「新築で、テレビを見るにはテレビアンテナが必要だった」
「今見れるのは地デジだけだからBS/CSアンテナをつけて衛星放送を見たい」
「アンテナが壊れたかも。自分で新しくテレビアンテナを付けてみようかな」
結論から言うと、テレビアンテナを自分で設置することは可能です。
テレビアンテナを設置する工事は、特別な資格は必要ありません。その為、自分でできるかと言えば答えはYesですが、それなりのスキルや知識が無ければ様々なリスクがあることも事実です。
この記事では、テレビアンテナ工事の内容についてまとめました。室内アンテナ・地デジアンテナ・BS/CSアンテナの工事と自分で設置する方法と自分で設置するリスクについて解説しています。

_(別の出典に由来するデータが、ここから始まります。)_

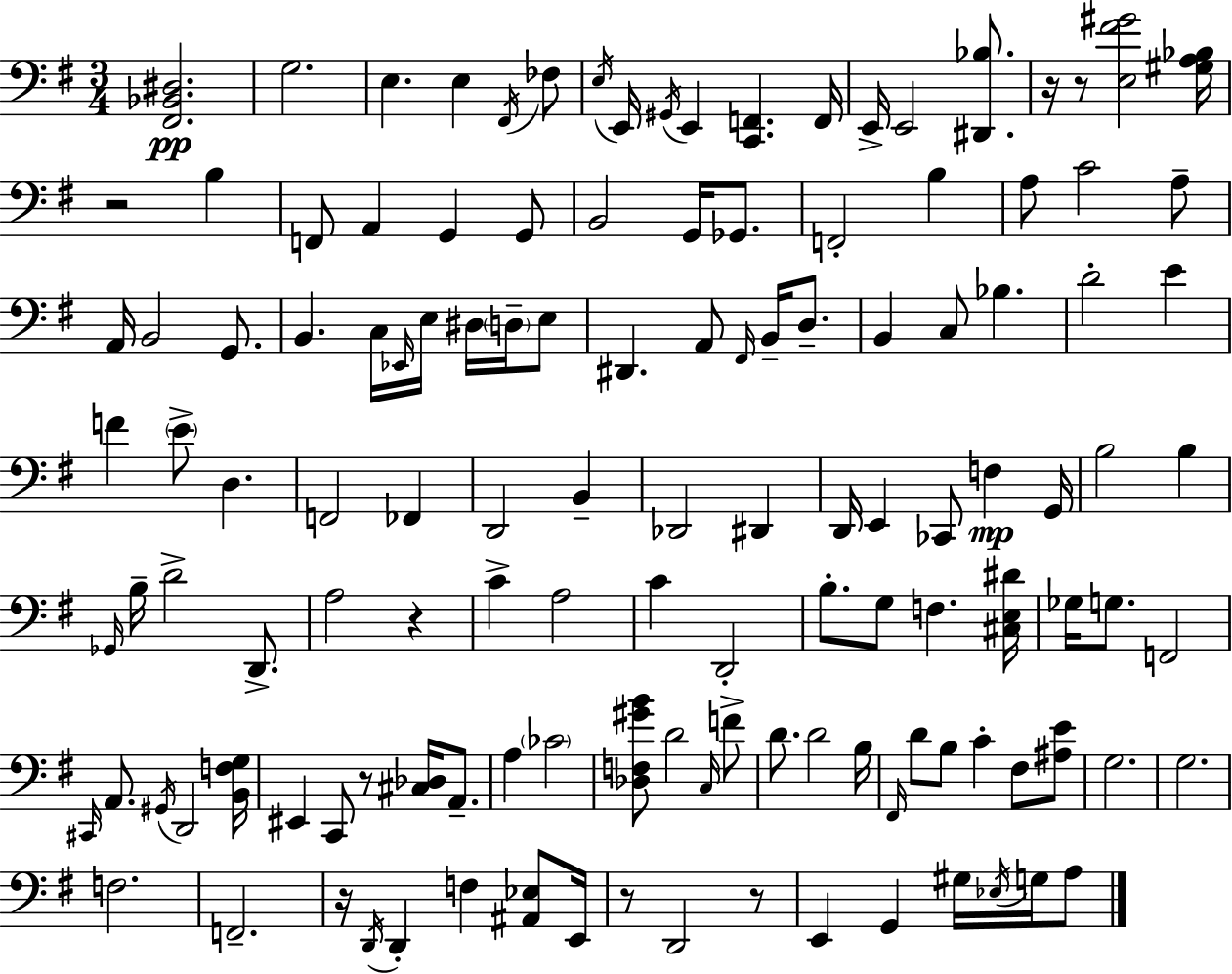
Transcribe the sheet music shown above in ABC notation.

X:1
T:Untitled
M:3/4
L:1/4
K:Em
[^F,,_B,,^D,]2 G,2 E, E, ^F,,/4 _F,/2 E,/4 E,,/4 ^G,,/4 E,, [C,,F,,] F,,/4 E,,/4 E,,2 [^D,,_B,]/2 z/4 z/2 [E,^F^G]2 [^G,A,_B,]/4 z2 B, F,,/2 A,, G,, G,,/2 B,,2 G,,/4 _G,,/2 F,,2 B, A,/2 C2 A,/2 A,,/4 B,,2 G,,/2 B,, C,/4 _E,,/4 E,/4 ^D,/4 D,/4 E,/2 ^D,, A,,/2 ^F,,/4 B,,/4 D,/2 B,, C,/2 _B, D2 E F E/2 D, F,,2 _F,, D,,2 B,, _D,,2 ^D,, D,,/4 E,, _C,,/2 F, G,,/4 B,2 B, _G,,/4 B,/4 D2 D,,/2 A,2 z C A,2 C D,,2 B,/2 G,/2 F, [^C,E,^D]/4 _G,/4 G,/2 F,,2 ^C,,/4 A,,/2 ^G,,/4 D,,2 [B,,F,G,]/4 ^E,, C,,/2 z/2 [^C,_D,]/4 A,,/2 A, _C2 [_D,F,^GB]/2 D2 C,/4 F/2 D/2 D2 B,/4 ^F,,/4 D/2 B,/2 C ^F,/2 [^A,E]/2 G,2 G,2 F,2 F,,2 z/4 D,,/4 D,, F, [^A,,_E,]/2 E,,/4 z/2 D,,2 z/2 E,, G,, ^G,/4 _E,/4 G,/4 A,/2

自分でテレビアンテナを設置しようか検討している方は、ぜひ参考にしてみてください。
- テレビアンテナ工事の全体図と詳細
- 地デジアンテナをDIYで取り付けるやり方と注意点
- BS/CSアンテナをDIYで取り付けるやり方と注意点
- テレビアンテナ工事のオススメ業者
目次
テレビアンテナ工事とは?全体図と詳細
テレビアンテナ工事は、地デジであれば東京スカイツリーや大阪生駒山などの電波塔から、BSであれば衛星から、それぞれ発信されている電波を受信できるよう、宅内環境を整える工事です。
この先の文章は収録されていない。